We are very grateful to Miro Born, Janina Dobrusskin, Yannick Ecker, Carolin Genz, and Ylva Kürten for conducting the interviews we refer to in this article and to Carl-Jan Dihlmann for his support as research assistant, as well as Henning Füller for his support in implementing the research project “Geographic Imaginations: People’s Sense of Security and Insecurity in a Cross-Generational Comparison” at the DFG-funded collaborative research center “Re-Figuration of Spaces” (CRC 1265). Parts of this article were presented at the RGS-IBG Annual International Conference in September 2021, in a session on “Imagined, Imaginative, and Imaginary Geographies” organized by Olivia Mason and James Riding. Furthermore, we thank the anonymous reviewers for providing very helpful critiques and comments. The data that support the findings of this study are available from the first author on request.

Additional information

Funding

The research for this article was funded by the Deutsche Forschungsgemeinschaft (DFG, German Research Foundation), Grant Number 290045248-SFB 1265.

Notes on contributors

Lucas Pohl

LUCAS POHL is a Postdoctoral Researcher in the Department of Geography at Humboldt-Universität zu Berlin, Berlin 10119, Germany.

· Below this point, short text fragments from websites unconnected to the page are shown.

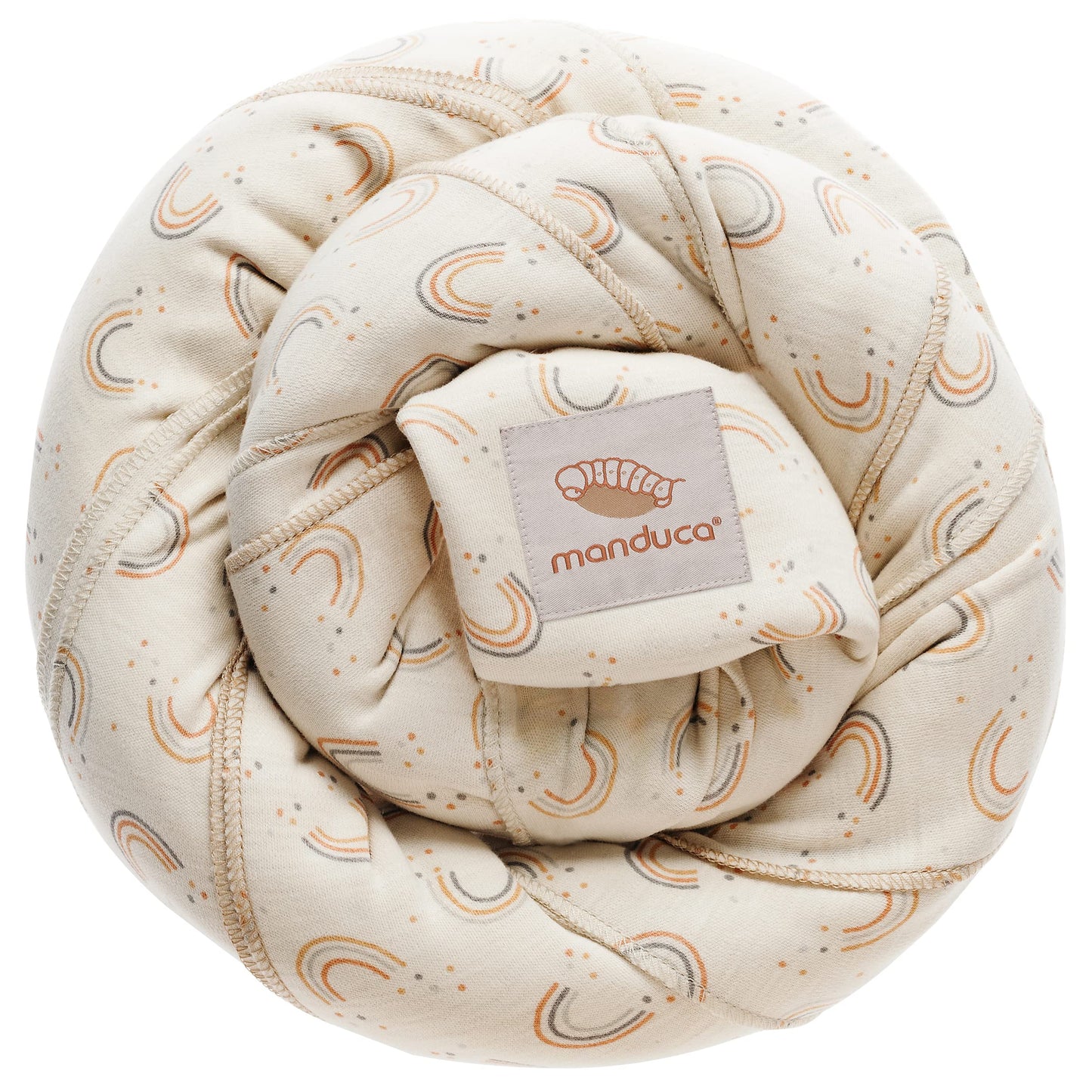 manduca Sling - Babytragetuch - Elastische Babytrage für Neugeborene von der Geburt bis zu 15 kg - Bio-Baumwolle - GOTS zertifiziert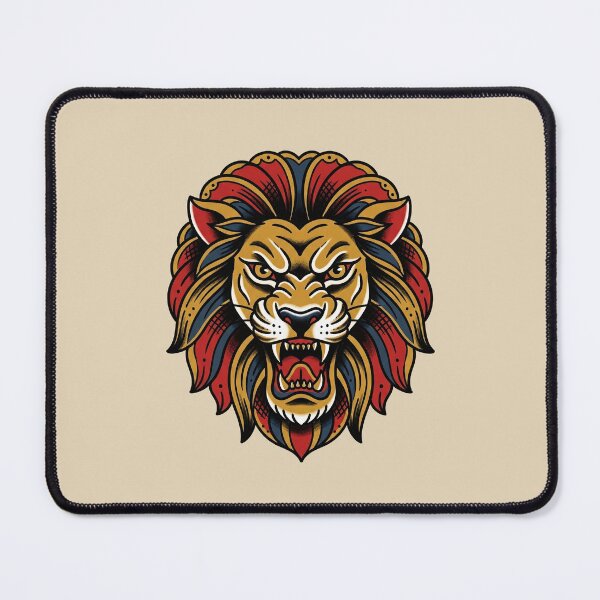 Item preview, Lion Head Tattoo designed and sold by Thunderbelts.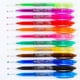 thumbnail image 1 of Bolígrafo borrable con llama de 12 colores para oficina y papelería, bolígrafo borrable con agua de 20 ml en caja de colores., 1 of 9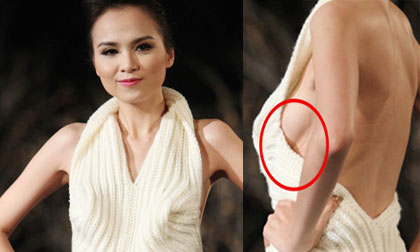 Diễm Hương lộ dấu vết "nâng ngực"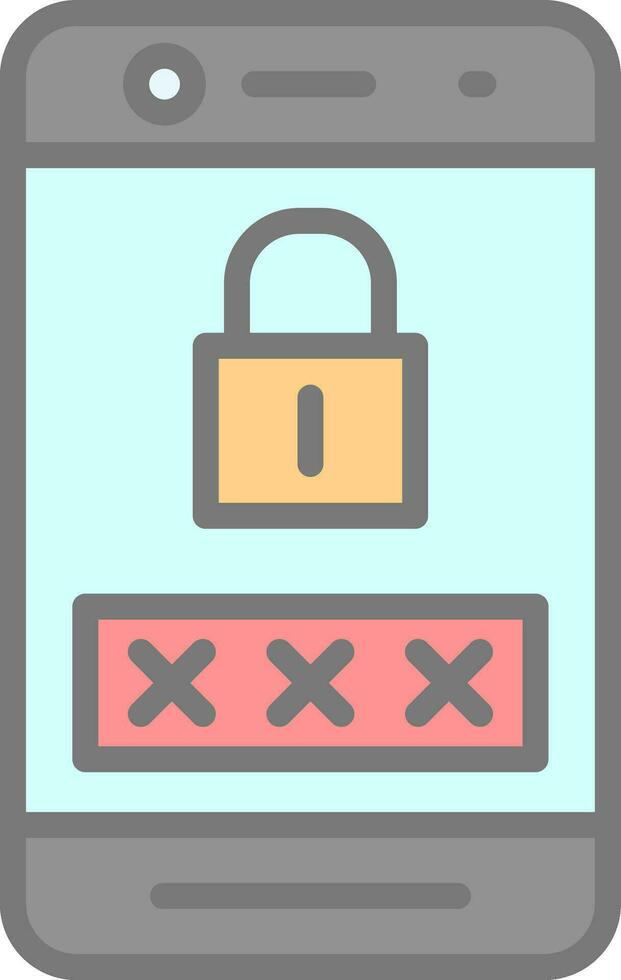Password  Vector Icon Design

E-mail: [email protected]. His research interests include psychoanalytic geographies, built environments, and urban political ecology.

Ilse Helbrecht

ILSE HELBRECHT is Full Professor in the Department of Geography at Humboldt-Universität zu Berlin, Berlin 10119, Germany. E-mail: [email protected]. Her research interests include geographical imaginations of security and insecurity and the intersection of aging and diversity.

Notes

1 By drawing on psychoanalysis with regard to its methodological implications for human geography, we follow up on a debate in The Professional Geographer (Healy Citation2010; Kingsbury Citation2010; Pile Citation2010; Proudfoot Citation2010; Thomas Citation2010).

2 Psychoanalysis does not necessarily remain at the margins when geographers review the accounts of how the discipline engaged the subject in the past. In a paper titled “Where Is the Subject?,” Pile (Citation2008), for instance, insisted on the role psychoanalytic theory plays, and should play, in geographical thinking of the subject, which is why we adopt his title for our conclusion.